Please boot into Safe Mode with the Viewing of Hidden Files & Folders Enabled


Now scan with HijackThis and Check the Boxes for the following:

Make sure All Browser Windows are Closed when you Click FIX.

O2 - BHO: LANBridge Class - {71D1708F-973D-4600-AF01-AD86688403AE} - C:\WINDOWS\System32\wxidllhb.dll
O2 - BHO: RichEditor Class - {F79A2C4B-8776-4ED7-8B2F-4786A4A3500A} - C:\WINDOWS\System32\richedtr.dll

O4 - HKLM\..\Run: [richup] C:\WINDOWS\System32\richup.exe
O4 - HKLM\..\Run: [lanbrup] C:\WINDOWS\System32\lanbrup.exe
O4 - HKLM\..\Run: [winsync] C:\WINDOWS\System32\prarlj.exe reg_run

O4 - HKLM\..\Run: [AutoLoaderAproposClient] "c:\TEMP\tmp7670.exe" /PC=WB.RL /HideUninstall /HideDir
(If you are familiar with this then keep it)

O4 - HKCU\..\Run: [CAS Client] "C:\Program Files\Cas\Client\casclient.exe"
O4 - HKCU\..\Run: [KorsRhJ3e] atmrmnet.exe

O9 - Extra button: (no name) - {85d1f590-48f4-11d9-9669-0800200c9a66} - %windir%\bdoscandel.exe (file missing)
O9 - Extra 'Tools' menuitem: Uninstall BitDefender Online Scanner v8 - {85d1f590-48f4-11d9-9669-0800200c9a66} - %windir%\bdoscandel.exe (file missing)

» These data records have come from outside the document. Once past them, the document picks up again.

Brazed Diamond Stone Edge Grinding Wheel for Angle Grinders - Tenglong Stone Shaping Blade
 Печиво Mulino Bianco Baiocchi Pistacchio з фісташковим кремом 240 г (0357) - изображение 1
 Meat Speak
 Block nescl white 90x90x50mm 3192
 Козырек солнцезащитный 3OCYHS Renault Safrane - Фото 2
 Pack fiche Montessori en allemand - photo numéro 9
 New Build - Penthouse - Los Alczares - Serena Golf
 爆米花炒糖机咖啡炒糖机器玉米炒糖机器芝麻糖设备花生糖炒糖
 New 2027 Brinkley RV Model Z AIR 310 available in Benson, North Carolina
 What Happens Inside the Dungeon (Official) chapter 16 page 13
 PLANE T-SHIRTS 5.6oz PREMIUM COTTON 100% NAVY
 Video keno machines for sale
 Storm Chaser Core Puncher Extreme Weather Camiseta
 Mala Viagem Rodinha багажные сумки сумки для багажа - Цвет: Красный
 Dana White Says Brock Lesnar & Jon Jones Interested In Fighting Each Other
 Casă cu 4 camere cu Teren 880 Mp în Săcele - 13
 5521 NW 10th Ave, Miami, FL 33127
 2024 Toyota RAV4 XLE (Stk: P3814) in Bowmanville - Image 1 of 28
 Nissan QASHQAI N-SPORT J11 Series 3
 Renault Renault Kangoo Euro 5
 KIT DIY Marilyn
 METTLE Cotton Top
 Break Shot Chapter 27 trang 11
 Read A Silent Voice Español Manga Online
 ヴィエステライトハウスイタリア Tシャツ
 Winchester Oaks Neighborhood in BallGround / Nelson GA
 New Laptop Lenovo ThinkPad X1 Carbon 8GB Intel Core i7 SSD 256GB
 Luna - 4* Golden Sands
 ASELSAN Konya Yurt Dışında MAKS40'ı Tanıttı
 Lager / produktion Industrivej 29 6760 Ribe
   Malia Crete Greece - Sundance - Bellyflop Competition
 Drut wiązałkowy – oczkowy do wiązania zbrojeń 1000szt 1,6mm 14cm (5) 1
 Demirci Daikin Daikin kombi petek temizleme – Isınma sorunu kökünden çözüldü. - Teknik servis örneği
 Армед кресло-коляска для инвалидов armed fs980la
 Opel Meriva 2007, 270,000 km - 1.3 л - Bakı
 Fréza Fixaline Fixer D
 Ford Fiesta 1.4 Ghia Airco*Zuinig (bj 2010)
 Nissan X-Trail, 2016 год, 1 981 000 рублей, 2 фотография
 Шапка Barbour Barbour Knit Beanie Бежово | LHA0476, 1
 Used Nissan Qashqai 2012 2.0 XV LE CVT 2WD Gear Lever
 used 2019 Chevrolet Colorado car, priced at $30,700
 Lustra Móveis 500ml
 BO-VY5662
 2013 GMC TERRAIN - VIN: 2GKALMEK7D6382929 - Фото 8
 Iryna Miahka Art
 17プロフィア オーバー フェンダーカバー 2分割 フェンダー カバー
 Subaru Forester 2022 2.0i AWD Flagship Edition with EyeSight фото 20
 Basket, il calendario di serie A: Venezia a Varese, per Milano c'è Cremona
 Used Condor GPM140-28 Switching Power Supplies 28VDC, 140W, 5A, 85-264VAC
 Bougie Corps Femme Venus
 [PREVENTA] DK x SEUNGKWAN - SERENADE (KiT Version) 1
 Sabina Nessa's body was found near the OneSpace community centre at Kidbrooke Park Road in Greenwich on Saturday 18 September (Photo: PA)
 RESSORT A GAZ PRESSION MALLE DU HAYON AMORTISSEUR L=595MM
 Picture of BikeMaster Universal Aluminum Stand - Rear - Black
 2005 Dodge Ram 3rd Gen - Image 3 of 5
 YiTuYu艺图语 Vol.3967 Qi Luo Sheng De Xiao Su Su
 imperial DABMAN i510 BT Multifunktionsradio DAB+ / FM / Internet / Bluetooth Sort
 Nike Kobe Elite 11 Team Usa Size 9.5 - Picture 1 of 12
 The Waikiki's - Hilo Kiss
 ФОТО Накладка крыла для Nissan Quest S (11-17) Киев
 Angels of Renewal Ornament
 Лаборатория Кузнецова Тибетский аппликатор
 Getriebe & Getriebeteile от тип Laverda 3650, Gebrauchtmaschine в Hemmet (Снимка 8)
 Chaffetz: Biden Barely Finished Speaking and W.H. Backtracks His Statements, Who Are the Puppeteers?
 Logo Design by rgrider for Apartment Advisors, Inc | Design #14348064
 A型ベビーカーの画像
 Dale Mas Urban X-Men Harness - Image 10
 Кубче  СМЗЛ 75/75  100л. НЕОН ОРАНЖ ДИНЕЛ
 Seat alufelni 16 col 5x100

O18 - Filter: text/html - {8293D547-38DD-4325-B35A-F1817EDFA5FC} - C:\Program Files\Cas\Client\casmf.dll

Again, make sure All Browser Windows are Closed when you Click FIX.

NOW:
Navigate to and DELETE the following if they should remain:

C:\Program Files\Cas ←–– Delete this whole folder if it exist!

NEXT:
Run CCleaner to clean up cookies and temp files.


Locate PocketKillbox
(Procede with this step even if they do not show in blue)

Now, Copy and Paste C:\WINDOWS\System32\atmrmnet.exe into the box – If it exists, it will show up in Blue. Check the option to Delete on Reboot and Click the Red X and Yes to the confirmation message. A message will ask if you want to reboot now – Click NO.

Now, Copy and Paste C:\WINDOWS\System32\wxidllhb.dll into the box – If it exists, it will show up in Blue. Check the option to Delete on Reboot and Click the Red X and Yes to the confirmation message. A message will ask if you want to reboot now – Click NO.

Now, Copy and Paste C:\WINDOWS\System32\richedtr.dll into the box – If it exists, it will show up in Blue. Check the option to Delete on Reboot and Click the Red X and Yes to the confirmation message. A message will ask if you want to reboot now – Click NO.

Now, Copy and Paste C:\WINDOWS\System32\richup.exe into the box – If it exists, it will show up in Blue. Check the option to Delete on Reboot and Click the Red X and Yes to the confirmation message. A message will ask if you want to reboot now – Click NO.

Now, Copy and Paste C:\WINDOWS\System32\lanbrup.exe into the box – If it exists, it will show up in Blue. Check the option to Delete on Reboot and Click the Red X and Yes to the confirmation message. A message will ask if you want to reboot now – Click NO.

Now, Copy and Paste C:\WINDOWS\System32\prarlj.exe into the box – If it exists, it will show up in Blue. Check the option to Delete on Reboot and Click the Red X and Yes to the confirmation message. A message will ask if you want to reboot now – Click YES and allow your PC to reboot.

• If you get an error message about Pending Operations, just reboot your computer manually.

After you complete the above, I need the 3 logs from post #4 and a fresh HJT log.